The medium of information

As you go through the list of valued information and how to protect it, it is obvious that paper records are most likely to be lost forever. Most companies have on and/or offsite filing cabinets, boxes, drawers, and shelves full of paper records. Even humidity can deteriorate paper. To back up information kept on paper, there are a few options:

  • Electronic storage: files are scanned onto CDs, DVDs, flash drives, hard drives, web-based storage, or uploaded to the cloud.
  • Microfiche: a flat film that holds a matrix of micro images.
  • Aperture Card: punched or non-punched card with a mounted microfilm image.
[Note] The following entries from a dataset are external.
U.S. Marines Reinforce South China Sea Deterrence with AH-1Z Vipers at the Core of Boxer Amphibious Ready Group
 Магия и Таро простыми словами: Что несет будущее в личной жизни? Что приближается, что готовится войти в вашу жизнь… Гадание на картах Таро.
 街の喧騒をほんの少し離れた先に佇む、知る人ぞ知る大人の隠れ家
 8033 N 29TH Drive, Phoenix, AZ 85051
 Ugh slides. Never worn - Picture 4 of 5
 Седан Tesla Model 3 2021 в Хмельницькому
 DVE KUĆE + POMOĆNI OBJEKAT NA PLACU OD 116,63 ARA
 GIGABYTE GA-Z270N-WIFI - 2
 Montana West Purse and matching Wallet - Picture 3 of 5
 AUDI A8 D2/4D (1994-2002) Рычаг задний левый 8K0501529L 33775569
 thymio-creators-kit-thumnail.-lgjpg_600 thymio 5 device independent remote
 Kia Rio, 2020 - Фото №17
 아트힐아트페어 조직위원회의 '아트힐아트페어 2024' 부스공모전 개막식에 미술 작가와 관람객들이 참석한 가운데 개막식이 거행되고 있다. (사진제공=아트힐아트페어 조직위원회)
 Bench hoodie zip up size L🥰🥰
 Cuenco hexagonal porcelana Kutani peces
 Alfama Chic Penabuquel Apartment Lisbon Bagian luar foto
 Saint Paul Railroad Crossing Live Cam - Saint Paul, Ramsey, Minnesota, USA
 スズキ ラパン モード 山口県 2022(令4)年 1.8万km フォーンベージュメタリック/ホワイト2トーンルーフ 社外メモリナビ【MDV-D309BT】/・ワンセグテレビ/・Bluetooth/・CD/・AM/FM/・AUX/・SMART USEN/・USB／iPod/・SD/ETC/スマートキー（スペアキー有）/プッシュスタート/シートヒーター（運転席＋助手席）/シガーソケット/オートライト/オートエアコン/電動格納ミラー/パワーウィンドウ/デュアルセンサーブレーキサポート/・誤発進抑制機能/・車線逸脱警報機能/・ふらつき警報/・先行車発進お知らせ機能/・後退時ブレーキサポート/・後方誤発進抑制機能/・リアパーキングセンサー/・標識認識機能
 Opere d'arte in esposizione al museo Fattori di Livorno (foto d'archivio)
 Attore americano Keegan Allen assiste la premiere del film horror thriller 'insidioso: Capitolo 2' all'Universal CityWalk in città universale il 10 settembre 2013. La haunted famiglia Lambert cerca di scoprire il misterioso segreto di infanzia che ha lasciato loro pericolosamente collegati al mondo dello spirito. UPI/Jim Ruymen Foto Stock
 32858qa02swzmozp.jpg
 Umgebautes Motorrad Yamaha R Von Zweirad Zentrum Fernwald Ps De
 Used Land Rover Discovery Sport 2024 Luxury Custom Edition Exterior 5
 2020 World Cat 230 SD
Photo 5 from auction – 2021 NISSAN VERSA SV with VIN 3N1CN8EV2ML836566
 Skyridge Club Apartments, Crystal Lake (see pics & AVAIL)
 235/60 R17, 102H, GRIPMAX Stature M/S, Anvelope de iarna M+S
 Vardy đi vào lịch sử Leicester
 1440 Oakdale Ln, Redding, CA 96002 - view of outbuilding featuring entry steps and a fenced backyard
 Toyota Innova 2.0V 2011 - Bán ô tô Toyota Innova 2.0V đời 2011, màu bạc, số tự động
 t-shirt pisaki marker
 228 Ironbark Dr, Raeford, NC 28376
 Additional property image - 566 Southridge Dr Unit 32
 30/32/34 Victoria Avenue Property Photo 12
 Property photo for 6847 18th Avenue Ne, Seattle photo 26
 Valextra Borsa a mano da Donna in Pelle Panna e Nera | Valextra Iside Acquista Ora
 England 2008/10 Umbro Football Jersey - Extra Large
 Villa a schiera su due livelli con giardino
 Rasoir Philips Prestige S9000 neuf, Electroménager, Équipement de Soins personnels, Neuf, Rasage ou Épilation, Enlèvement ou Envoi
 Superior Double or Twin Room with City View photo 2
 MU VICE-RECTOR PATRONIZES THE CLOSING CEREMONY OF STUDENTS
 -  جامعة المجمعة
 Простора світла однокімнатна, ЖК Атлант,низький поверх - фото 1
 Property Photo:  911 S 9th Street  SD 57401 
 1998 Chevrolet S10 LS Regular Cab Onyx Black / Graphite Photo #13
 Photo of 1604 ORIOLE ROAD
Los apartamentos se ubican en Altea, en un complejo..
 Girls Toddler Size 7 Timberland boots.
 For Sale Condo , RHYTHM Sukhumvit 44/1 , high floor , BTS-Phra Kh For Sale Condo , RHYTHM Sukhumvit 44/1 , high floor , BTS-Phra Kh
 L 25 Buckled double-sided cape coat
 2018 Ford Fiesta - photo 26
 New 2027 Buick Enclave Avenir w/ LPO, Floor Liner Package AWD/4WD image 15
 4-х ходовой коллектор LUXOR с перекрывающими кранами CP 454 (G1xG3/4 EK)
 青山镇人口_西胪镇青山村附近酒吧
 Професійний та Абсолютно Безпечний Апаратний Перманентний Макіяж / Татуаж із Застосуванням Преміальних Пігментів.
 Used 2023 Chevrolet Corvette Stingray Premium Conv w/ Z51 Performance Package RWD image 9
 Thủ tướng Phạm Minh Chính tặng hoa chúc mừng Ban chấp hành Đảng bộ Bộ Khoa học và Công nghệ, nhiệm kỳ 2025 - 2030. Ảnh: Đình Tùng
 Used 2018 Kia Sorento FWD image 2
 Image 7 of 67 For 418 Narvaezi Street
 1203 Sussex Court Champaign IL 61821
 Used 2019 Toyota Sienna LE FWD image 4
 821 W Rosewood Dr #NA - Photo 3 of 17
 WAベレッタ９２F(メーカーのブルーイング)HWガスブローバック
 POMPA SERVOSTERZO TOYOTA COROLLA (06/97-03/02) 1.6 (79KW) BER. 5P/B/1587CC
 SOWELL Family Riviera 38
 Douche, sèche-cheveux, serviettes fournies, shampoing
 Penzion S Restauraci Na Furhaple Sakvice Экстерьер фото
Determining the best backup plan for you

Now that you understand what could destroy your documents, which data is vital for your business’ survival, and which records are most at risk, you can start to put together a plan. Here is what you want to consider:

  • Priority: is every record you listed absolutely vital to your business? Focus on the most critical documents and records first.
  • Storage options: nearly every storage system is vulnerable to something. Assess the type of destruction that is possible in your area, and consider an offsite location that is not prone to that. For example, if your business is in an area where hurricanes occur, choose an offsite location that would not be affected by such a disaster. Remember: you should be keeping duplicate copies of everything and storing the two sets of information in separate locations.
  • Integrity: document integrity is easily compromised for paper, microfiche, and aperture cards simply with enough time passing. If your information medium can degrade over time, make a plan to replace it periodically.
  • Accessibility: whatever your retrieval system, it needs to allow for quick and easy access. Without logical indexing, your documents may be difficult to recover, making them no more useful than if they were completely gone.
  • Converting: probably the safest way to protect all non-electronic forms of data is to have it scanned into an electronic format. When these documents are scanned to TIFFs or PDFs, they can be indexed by multiple fields to make retrieval extremely easy.

There are many ways to protect electronically-formatted documents. The cost to rent electronic storage is minimal compared to physical storage. It is easy to store electronic data in multiple locations; it’s also easy to back up the information at regular intervals.

If a power outage or computer/networking hacking is a concern, electronic data can also be converted to eye-readable formats (like microfiche.) For some, this method of information storage makes the most sense.

Overall, take your disaster planning seriously. Be thorough about what you need to do, and create an action plan that will work. (Then do it!) If all goes well, you will never need to rely on your disaster recovery plan. If you need one, however, there is no turning back the clock – what’s gone will be gone. Save the future of your company by planning ahead today.